You are putting all your eggs in one basket If you aren’t segmenting your customers based on RFM.
We have a cheat guide that explains what you need to know about RFM segmentation.
At SeekandHit we help our clients get the most out of their marketing data. We help them optimize the data collection process, data storage, and provide analytical work products that are actionable and relevant for each of their business needs and problems. In other words, we help our clients grow.
In this article I would like to use the opportunity to share one business case that is applicable to almost every type of business that is customer oriented. We will be presenting the process, advantages, and requirements to conclude a customer segmentation project based on the variables of the RFM. These are: purchase recency, frequency, and monetary value.
RFM vs Traditional Segmentation
First things first, let’s talk about some general benefits of segmentation and why businesses do it and how. Segmentation is the concept of grouping a certain category, such as products or customers. Customer segmentation, as in our case here, is beneficial in the sense of being able to know more about customers, deliver them customized services, develop costs and revenues brackets, and create ways of communication that are relevant to their behaviors and needs.

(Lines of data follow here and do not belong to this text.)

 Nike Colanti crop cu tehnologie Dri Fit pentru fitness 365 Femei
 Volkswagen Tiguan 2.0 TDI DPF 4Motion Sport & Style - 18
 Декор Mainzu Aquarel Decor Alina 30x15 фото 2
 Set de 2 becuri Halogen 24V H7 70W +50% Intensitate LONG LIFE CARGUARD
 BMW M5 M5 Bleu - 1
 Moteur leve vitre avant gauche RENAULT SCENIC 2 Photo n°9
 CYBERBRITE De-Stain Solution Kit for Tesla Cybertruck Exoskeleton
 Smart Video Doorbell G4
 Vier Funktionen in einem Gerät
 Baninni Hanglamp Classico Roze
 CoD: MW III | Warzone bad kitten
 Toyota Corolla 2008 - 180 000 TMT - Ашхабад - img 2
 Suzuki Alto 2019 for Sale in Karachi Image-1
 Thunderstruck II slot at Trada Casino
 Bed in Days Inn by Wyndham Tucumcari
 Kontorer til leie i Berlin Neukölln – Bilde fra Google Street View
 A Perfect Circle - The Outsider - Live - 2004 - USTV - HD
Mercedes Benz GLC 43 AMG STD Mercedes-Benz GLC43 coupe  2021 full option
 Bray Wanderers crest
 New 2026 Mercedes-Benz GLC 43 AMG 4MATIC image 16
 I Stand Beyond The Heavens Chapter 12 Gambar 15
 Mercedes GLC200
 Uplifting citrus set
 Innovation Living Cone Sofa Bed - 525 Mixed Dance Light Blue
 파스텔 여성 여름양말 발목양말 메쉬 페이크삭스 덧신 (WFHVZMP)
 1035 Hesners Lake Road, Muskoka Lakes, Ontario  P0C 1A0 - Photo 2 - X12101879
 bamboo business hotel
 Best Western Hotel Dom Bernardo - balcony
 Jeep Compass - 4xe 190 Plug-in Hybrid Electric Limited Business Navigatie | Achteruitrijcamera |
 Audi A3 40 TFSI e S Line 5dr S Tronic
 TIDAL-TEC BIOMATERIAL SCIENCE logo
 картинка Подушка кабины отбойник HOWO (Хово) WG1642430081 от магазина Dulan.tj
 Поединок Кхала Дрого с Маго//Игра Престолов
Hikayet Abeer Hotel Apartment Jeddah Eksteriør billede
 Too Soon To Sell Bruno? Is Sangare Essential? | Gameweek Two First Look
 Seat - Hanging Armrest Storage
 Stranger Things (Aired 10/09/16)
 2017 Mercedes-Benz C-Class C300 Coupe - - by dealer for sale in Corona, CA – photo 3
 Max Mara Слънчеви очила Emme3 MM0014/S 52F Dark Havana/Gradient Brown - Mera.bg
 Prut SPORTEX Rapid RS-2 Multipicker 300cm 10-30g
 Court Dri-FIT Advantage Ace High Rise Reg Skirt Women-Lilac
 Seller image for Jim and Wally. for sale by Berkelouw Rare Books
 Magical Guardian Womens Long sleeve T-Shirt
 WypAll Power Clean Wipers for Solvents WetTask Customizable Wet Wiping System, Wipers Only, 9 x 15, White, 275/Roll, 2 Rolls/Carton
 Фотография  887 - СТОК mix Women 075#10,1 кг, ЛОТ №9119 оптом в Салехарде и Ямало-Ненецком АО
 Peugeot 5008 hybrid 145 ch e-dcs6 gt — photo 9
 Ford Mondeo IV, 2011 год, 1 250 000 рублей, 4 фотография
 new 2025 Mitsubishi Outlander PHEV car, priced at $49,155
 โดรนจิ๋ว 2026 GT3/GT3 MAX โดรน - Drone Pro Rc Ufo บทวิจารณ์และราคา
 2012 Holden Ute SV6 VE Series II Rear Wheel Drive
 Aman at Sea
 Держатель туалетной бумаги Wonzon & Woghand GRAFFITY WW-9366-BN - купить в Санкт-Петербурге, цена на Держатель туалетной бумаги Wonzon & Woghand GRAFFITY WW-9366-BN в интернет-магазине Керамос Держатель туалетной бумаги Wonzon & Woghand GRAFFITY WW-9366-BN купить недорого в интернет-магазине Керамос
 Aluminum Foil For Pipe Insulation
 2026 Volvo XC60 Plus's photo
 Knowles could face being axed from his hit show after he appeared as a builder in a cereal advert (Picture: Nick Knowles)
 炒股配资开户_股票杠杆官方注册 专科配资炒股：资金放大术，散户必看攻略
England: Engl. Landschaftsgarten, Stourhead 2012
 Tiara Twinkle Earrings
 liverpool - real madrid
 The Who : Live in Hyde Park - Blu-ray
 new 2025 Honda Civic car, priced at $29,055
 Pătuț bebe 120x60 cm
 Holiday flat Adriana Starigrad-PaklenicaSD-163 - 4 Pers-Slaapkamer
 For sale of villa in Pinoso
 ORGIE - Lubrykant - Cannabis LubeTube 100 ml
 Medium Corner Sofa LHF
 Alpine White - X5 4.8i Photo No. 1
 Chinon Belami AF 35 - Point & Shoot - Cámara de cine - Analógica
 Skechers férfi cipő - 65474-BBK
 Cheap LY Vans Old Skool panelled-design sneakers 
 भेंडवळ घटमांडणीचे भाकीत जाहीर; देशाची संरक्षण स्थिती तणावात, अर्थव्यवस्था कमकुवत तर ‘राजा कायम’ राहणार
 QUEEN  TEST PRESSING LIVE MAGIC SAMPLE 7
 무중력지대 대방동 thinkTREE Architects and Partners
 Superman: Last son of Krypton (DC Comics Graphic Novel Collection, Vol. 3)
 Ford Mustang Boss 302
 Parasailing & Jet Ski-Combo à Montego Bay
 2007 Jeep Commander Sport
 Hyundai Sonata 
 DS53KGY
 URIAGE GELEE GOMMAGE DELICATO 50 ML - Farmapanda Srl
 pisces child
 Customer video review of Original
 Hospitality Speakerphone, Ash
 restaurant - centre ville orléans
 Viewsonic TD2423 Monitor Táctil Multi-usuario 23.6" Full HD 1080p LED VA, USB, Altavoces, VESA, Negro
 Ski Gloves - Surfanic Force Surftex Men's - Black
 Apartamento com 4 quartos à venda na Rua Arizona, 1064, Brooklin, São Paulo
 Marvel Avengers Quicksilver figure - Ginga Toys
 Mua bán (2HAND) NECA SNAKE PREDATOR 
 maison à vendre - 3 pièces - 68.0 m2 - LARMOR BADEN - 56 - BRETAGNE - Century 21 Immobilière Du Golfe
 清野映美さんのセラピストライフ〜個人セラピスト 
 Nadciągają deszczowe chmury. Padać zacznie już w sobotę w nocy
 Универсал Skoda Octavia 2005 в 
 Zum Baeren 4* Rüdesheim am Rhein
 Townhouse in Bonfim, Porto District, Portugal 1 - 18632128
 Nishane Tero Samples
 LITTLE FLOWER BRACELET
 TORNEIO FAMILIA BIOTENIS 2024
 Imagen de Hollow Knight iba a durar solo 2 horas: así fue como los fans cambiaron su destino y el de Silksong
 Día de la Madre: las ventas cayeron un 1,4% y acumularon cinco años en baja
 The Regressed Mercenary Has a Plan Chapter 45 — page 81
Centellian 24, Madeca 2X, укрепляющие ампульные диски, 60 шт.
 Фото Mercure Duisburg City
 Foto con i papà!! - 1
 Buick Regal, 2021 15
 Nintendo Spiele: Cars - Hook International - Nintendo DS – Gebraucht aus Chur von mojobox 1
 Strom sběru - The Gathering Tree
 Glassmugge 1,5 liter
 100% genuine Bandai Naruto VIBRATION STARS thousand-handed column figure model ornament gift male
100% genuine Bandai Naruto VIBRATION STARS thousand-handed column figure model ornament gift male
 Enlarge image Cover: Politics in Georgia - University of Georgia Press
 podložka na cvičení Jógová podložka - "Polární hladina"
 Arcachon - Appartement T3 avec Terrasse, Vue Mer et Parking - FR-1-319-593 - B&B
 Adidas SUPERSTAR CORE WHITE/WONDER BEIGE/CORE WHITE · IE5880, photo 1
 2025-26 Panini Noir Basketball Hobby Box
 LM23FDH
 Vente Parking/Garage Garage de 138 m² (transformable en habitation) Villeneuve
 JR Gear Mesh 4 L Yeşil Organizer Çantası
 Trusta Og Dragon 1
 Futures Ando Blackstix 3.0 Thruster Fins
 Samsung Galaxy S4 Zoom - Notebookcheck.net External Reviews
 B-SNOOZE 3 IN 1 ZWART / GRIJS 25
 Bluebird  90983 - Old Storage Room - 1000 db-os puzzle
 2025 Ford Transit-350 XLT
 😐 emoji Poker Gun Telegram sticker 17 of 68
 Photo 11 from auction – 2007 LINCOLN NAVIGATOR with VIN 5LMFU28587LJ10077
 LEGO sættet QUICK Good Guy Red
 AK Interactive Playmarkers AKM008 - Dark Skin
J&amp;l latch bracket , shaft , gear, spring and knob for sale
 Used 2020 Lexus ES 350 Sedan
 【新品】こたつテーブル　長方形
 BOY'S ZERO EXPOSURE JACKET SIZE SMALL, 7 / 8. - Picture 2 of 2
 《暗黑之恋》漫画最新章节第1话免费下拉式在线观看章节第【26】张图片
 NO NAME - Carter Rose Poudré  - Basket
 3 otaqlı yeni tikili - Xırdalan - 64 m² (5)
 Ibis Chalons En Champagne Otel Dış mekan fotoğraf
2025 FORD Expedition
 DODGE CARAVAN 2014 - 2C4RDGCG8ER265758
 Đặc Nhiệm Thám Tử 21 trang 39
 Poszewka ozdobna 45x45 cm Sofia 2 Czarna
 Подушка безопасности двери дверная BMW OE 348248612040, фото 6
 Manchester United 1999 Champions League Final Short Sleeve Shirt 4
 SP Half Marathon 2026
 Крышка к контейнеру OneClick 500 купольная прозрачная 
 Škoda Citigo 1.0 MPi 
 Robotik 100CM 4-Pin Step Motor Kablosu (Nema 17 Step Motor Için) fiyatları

The most common and traditional customer segmentation is based on demographics or behavioral trends. It’s important, but it’s not sufficient to deliver customized experiences. RFM is a way of segmentation based on customer purchasing behaviors. It takes into account the recency, the frequency, and the monetary value of their purchases.
The RFM based segments are more effective in delivering personalized experience because they provide another layer of differentiation between customers. This layer is created based on the analysis of historical purchase information.
Personalized experience can mean two things in this case. On one side, there is the direct way, which implies offering products or services that are more prone to be liked by a certain segment. The other way would imply using both suitable channels for each segment and appropriate acquisition costs, according to the customer value of each segment. Also, knowing who are the business champions and the loyal customers would totally change the ways of communication between such segments.
Let’s move on to the methodology for creating customer segments based on the RFM concept.
To implement the segmentation we used a type of unsupervised machine learning technique called k-means clustering. If you are a data science practitioner, you must be familiar with k-means clustering, but if you are not, k-means clustering is a very common technique with a wide range of applications. It is powerful because it is conceptually relatively simple, scales to very large datasets, and tends to work well in practice. It is an algorithm that tries to find the best way of grouping data points into k different groups, where k is a parameter given to the algorithm.
According to the table below, you can see the data frame used for the analysis. Again, we are focusing on 3 variables only. The Total_Revenue_EUR represents the monetary value of one purchase by each client ID. The recency and frequency variables must be calculated using the Arrival_Date column.
Recency is calculated in Days as the difference between each arrival_date and the soonest arrival_date found in the dataset. Meanwhile, Frequency is the unique count of arrival_date for every client ID.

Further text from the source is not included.